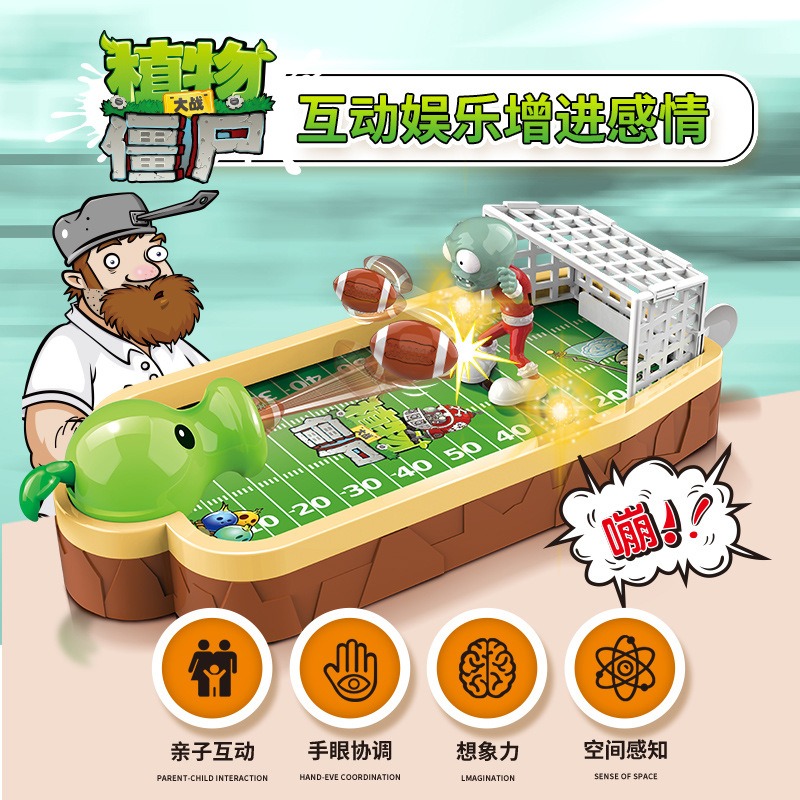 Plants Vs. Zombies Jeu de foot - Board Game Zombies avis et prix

* * *

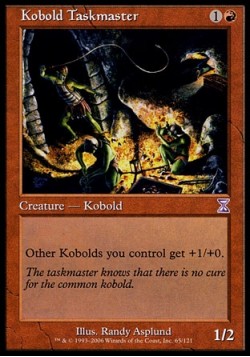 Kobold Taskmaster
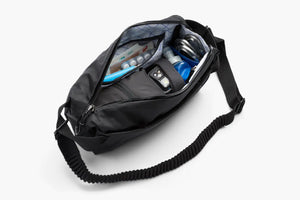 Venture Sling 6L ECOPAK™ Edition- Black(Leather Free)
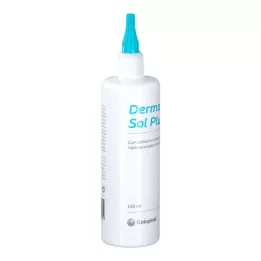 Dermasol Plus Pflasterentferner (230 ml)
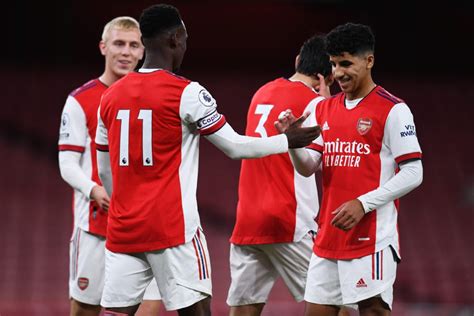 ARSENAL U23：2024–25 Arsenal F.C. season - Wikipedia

* * *

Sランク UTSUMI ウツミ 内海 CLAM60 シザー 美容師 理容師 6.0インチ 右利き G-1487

TASK STATEMENT: Everything between and including the line above containing "Venture Sling 6L" and the line containing "ARSENAL U23：2024–25 Arsenal" should be reproduced exactly, with pictures excluded.

SOLUTION TO THIS TASK:
 Venture Sling 6L ECOPAK™ Edition- Black(Leather Free)
 Dermasol Plus Pflasterentferner (230 ml)
 ARSENAL U23：2024–25 Arsenal F.C. season - Wikipedia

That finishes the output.